As the Princeton University men’s lightweight varsity 8 crew prepared to compete in the Intercollegiate Rowing Association (IRA) National Championship Regatta last weekend on Mercer Lake, Marty Crotty was confident that his rowers were poised to achieve such an effort due to some focused training in the wake of taking first at the Eastern Sprints.
“When we regrouped to get into IRA training camp, I decided for what the focus was going to be and the focus was imagine this boat going a length faster, three or four seconds faster, and we can develop that speed in the next two and a half weeks,” said Princeton head coach Crotty. “It was going to be a little bit of rust; it is going to be a week of really hard work where we do a lot of base speed work where you go out and do over-distance, under-cadence stuff. You go out and do 3Ks and 4Ks which is a lot more than the 2K that you do but you do it at a slightly slow rate. You just learn how to move the boat efficiently, one speed for much longer than six minutes. We did a lot of work like that. There might be two or three universities that show up at the IRAs and they are faster too. We just make sure that we are faster and I think we will be OK.”
The Tiger top boat did better than OK, taking first in its grand final last Sunday, posting a winning time of 5:41.02 over the 2,000-meter course, 1.8 seconds in front of runner-up Harvard. The heroics by the top boat help Princeton win the team title and earn the IRA President’s Cup for the first time since 2010. The Tiger second varsity 8 also prevailed in its grand final, crossing the line at 5:48.97, 2.48 seconds in front of second place Harvard.
Overcoming a bobble off the line, the Princeton top crew found a rhythm as it pulled away to victory.
“The start was super shaky, we went into the buoys,” said Crotty of his V8 which included Adam Casler, Nick Aronow, Hidde Lycklama, George Dickinson, Ethan Abraham, Aaron Wenk, Reuben Cook, William Olson, and David Van Velden. “You never want to do that but once they got it, they got a good bearing. That last 1,900 meters was by far their best of the year.”
In Crotty’s view, a loss to Cornell on April 15, the top boat’s only setback of the season, helped refocus his rowers for the stretch run.
“The loss was a wake-up call; it was a learning experience for the guys, going on the road and rowing on a course you have never rowed on against a good team,” said Crotty. “What we learned is that if you have a bad day you might get beat. We didn’t overreact to it. I didn’t detonate any of the lineups.”
The addition of Olson to the lineup made a difference for the boat.

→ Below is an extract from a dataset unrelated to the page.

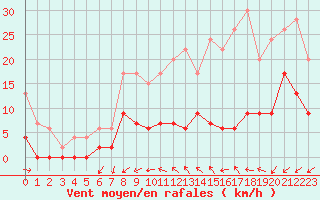 Courbe de la force du vent pour Nantes (44)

“We had one very important senior, Will Olson, come back into the first varsity; he had been injured, he was in the 2 seat today,” said Crotty. “He came back into the first varsity — he made a huge difference going into the sprints. We got him for two and a half weeks of training and then he was out the whole month of April. He is a really key guy and I loved putting him back in there as a senior, getting him the two victories.”
Crotty loved the form displayed by the V8 as it won the grand final for the first time since 2010.

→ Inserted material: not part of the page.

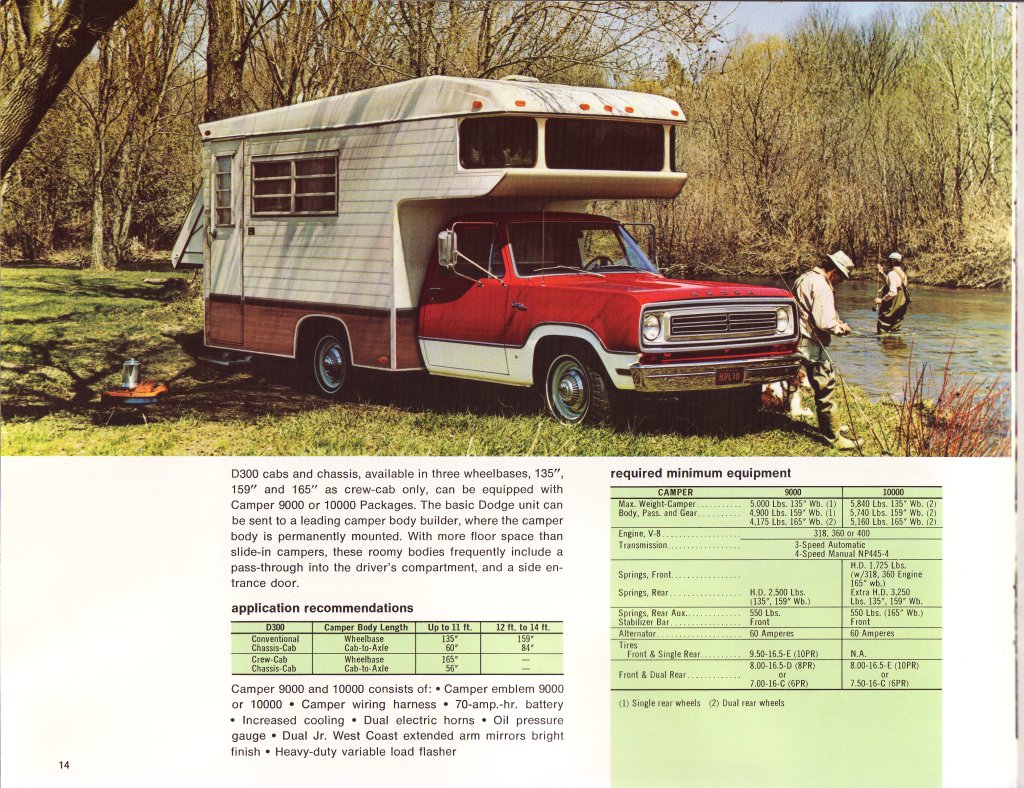 1972_Dodge_Campers-14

“Six of my rowers in that first varsity have a pure sculling background; their first competitive strokes back in the ninth grade when they learned to row were in single sculls,” said Crotty. “In the single scull, you have to caress, you can’t just be in there smashing back and forth on the slide and hammering the catches in. If you watch the tape, in between strokes today is where our boat was just traveling so much better than anybody else. It takes that touch, that feel.”
Seeing the program earn the team title was a great feeling for Crotty.
“That is everything, to get everybody up on stage today was really special,” said Crotty, whose second varsity 8 included Laney Gold-Rappe, Eoin Gaffney, Tim Eilers, Noah Klemmer Domonkos, Peter Skinner, George Middleton, John High, Paul Höselbarth, and Tim Scheuritzel. “It is equal to any one of the individual boat victories. They really have a joy of rowing together and a joy of showing up at the boathouse and being together all the time. As hard as it is, that is the joy and it is all for this.”